--- START ---
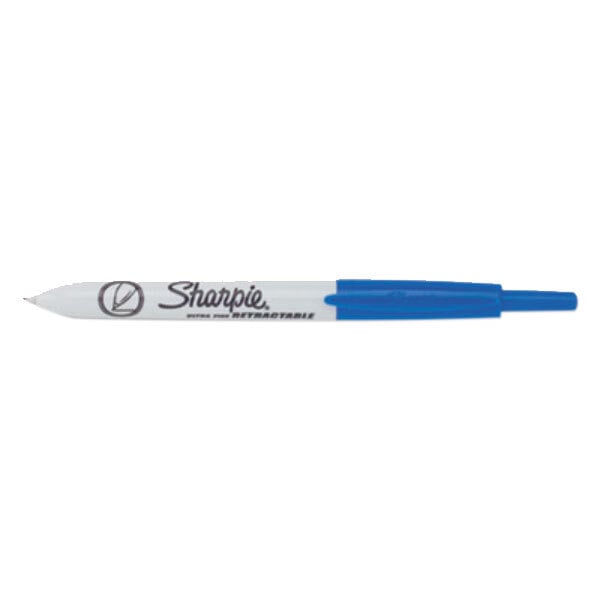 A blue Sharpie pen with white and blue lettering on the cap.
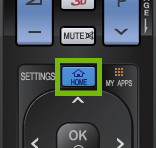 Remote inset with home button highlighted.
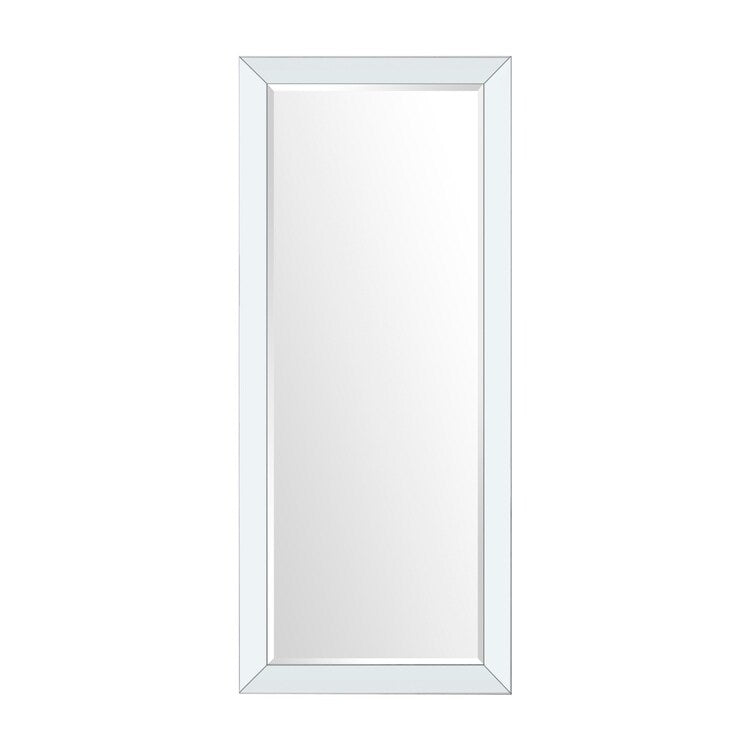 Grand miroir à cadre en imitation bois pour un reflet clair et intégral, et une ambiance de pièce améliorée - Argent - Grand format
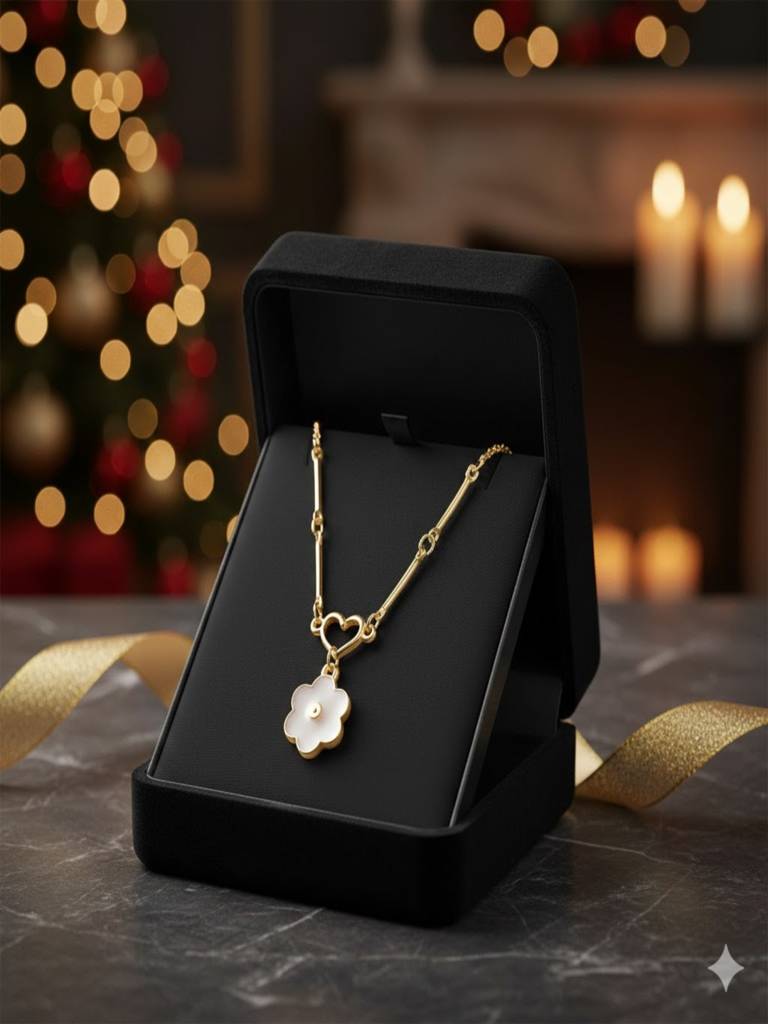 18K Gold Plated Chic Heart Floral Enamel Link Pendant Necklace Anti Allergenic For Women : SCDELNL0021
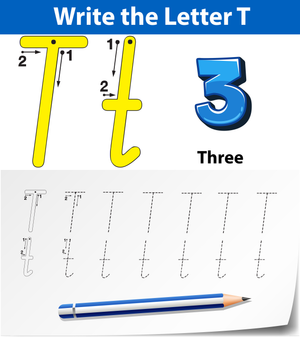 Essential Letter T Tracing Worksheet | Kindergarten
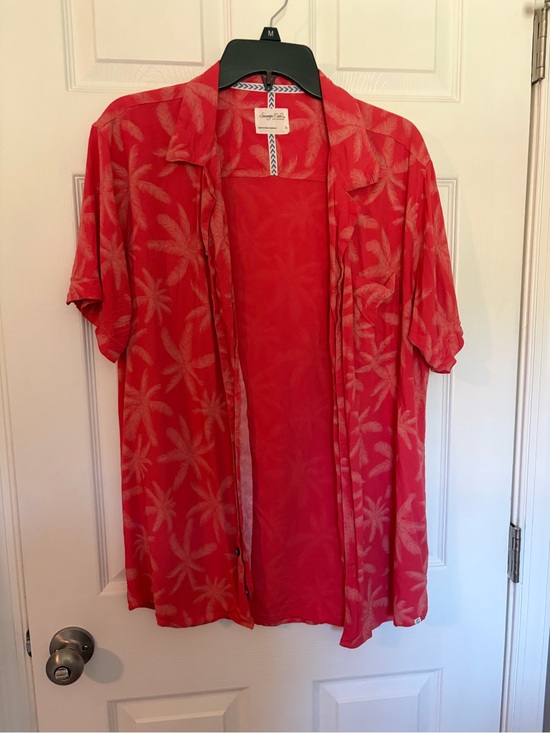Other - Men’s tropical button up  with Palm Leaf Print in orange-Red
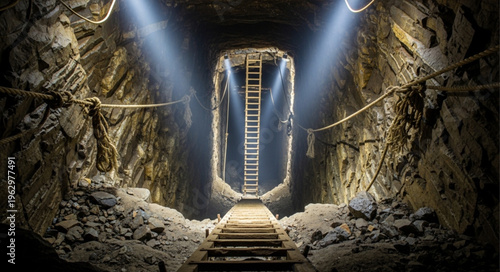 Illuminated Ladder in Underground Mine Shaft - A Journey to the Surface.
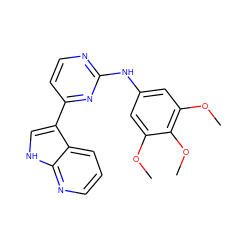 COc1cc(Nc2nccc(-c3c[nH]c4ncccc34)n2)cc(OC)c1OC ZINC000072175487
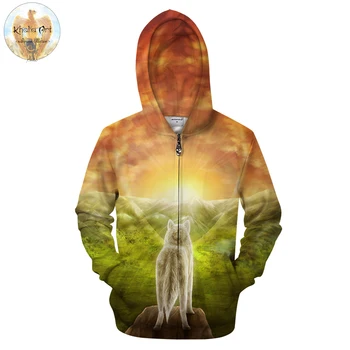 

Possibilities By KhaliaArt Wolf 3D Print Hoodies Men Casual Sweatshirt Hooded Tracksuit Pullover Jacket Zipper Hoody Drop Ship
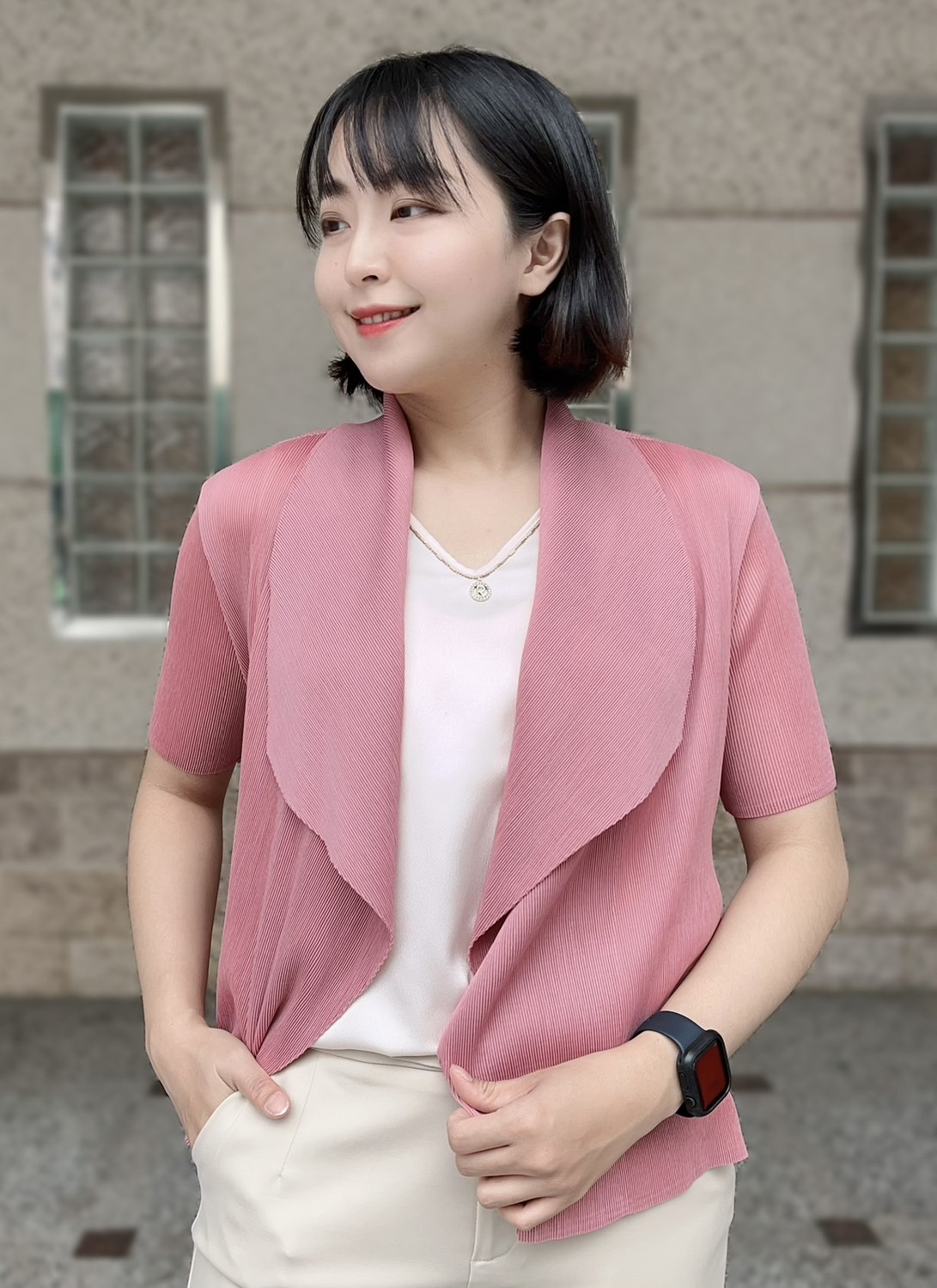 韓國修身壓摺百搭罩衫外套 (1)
--- END ---
--- START ---
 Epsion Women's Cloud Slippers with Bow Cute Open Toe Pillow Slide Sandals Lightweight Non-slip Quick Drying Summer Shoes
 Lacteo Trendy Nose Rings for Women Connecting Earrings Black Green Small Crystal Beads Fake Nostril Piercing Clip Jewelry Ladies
--- END ---
--- START ---
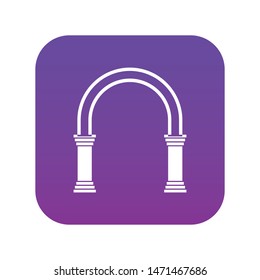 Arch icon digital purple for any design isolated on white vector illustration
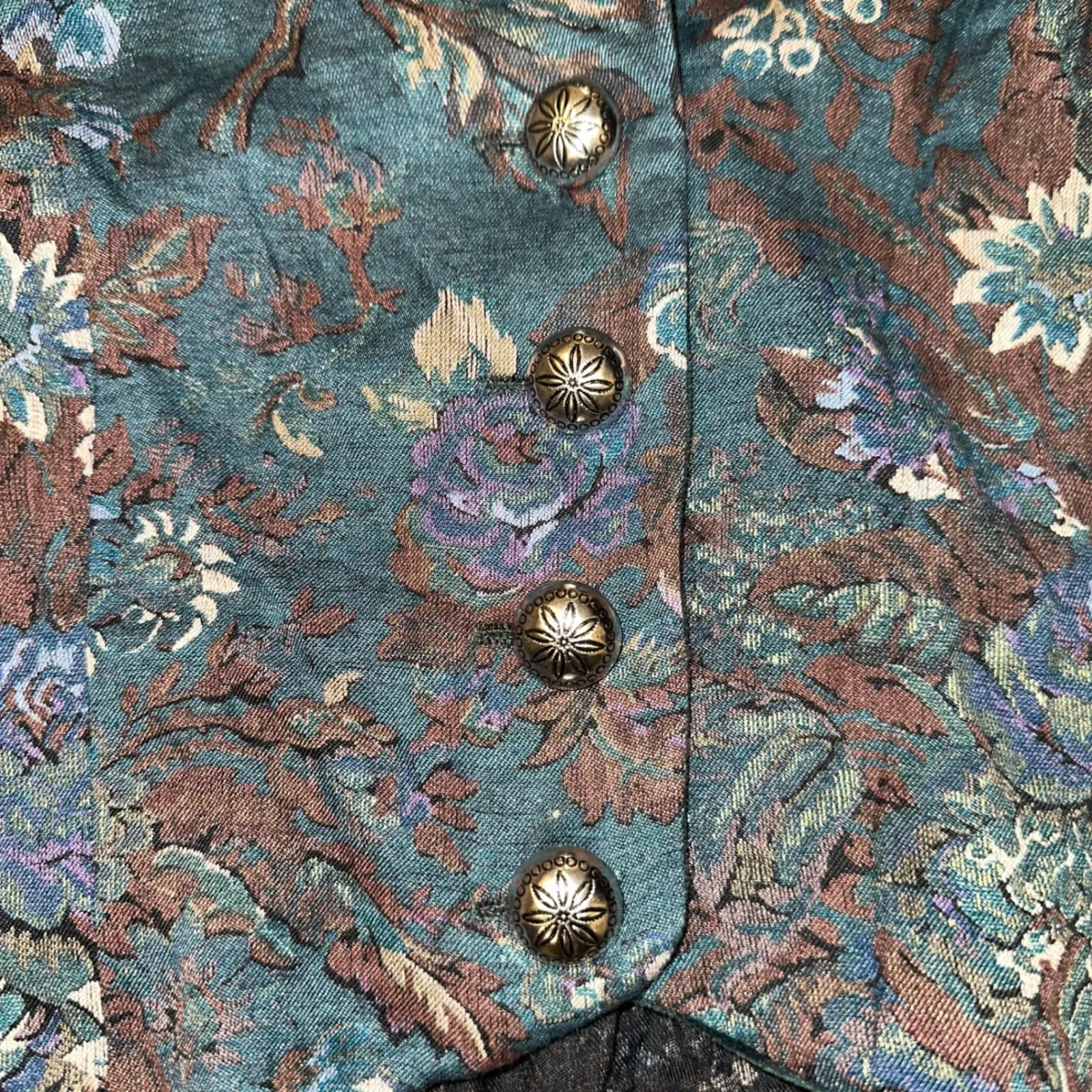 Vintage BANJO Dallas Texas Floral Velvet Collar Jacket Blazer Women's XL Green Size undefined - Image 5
--- END ---
◆ **Instructions to follow**
Repeat exactly, and only, the entries from the line with "Possibilities By KhaliaArt" through the line with "韓國修身壓摺百搭罩衫外套 (1)". Pictures are skipped.

◆ **Exercise result**
Possibilities By KhaliaArt Wolf 3D Print Hoodies Men Casual Sweatshirt Hooded Tracksuit Pullover Jacket Zipper Hoody Drop Ship
 韓國修身壓摺百搭罩衫外套 (1)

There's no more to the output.